In 2001 I came across the English edition of Dr. Lamaze’s biography. In the foreword of the book, the author expressed her motivation for writing. She related that she gave birth at a “big hospital . . . it was reputed to have the best equipment.” She continues, “I felt let down that they didn’t take into account the mother’s strong emotions, her capacity to master pain and control her body.”
Caroline Gutmann researched her grandfather’s practice. She explained that Dr. Lamaze trained everyone in the hospital in his method (relaxation skills and breathing patterns). Each person that interacted with the labor patient was supportive.
When I read this I had a flash of insight. A woman cannot advocate for herself when she is in labor, she needs support from the people around her.
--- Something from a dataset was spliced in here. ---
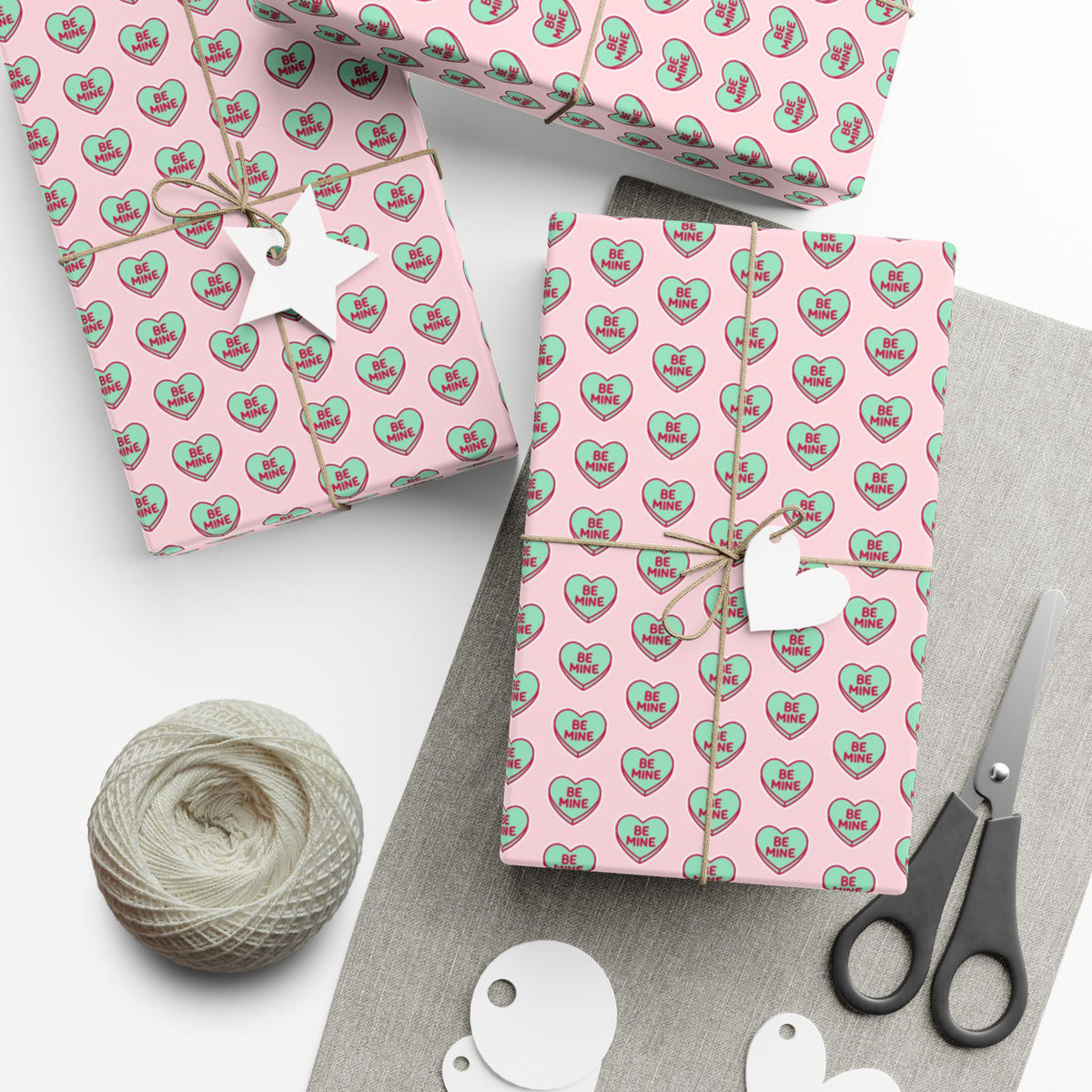 Valentine 'Be Mine' Heart Gift Wrap Paper – Pink Romantic Wrapping Sheets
I realized that many of my Lamaze students had entered hospital environments that were less than supportive of their approach to labor.
Childbirth care has moved in the direction of technology and away from emotional support. Most labor nurses are good and kindhearted people, but they are tangled up in the technological approach to labor. They are kept busy managing intravenous fluids, medications, and pumps. They insure that the fetal monitor is recording accurate information and document the progress of labor. Nurses are expected to treat pain, but time for emotional support and coaching is diminished.
One remedy for this gap in care is the service of a doula. A doula is a trained childbirth coach; her knowledge of labor and coping techniques can be a great benefit.
A friend or family member that attends Lamaze classes with an expectant mom can be an advocate for her, but may be limited by lack of prior experience with childbirth. The caring support of an informed friend or partner is a important during labor.
Gutmann, Caroline, The Legacy of Dr. Lamaze, St. Martin’s Press: New York, 2001. p. xxi.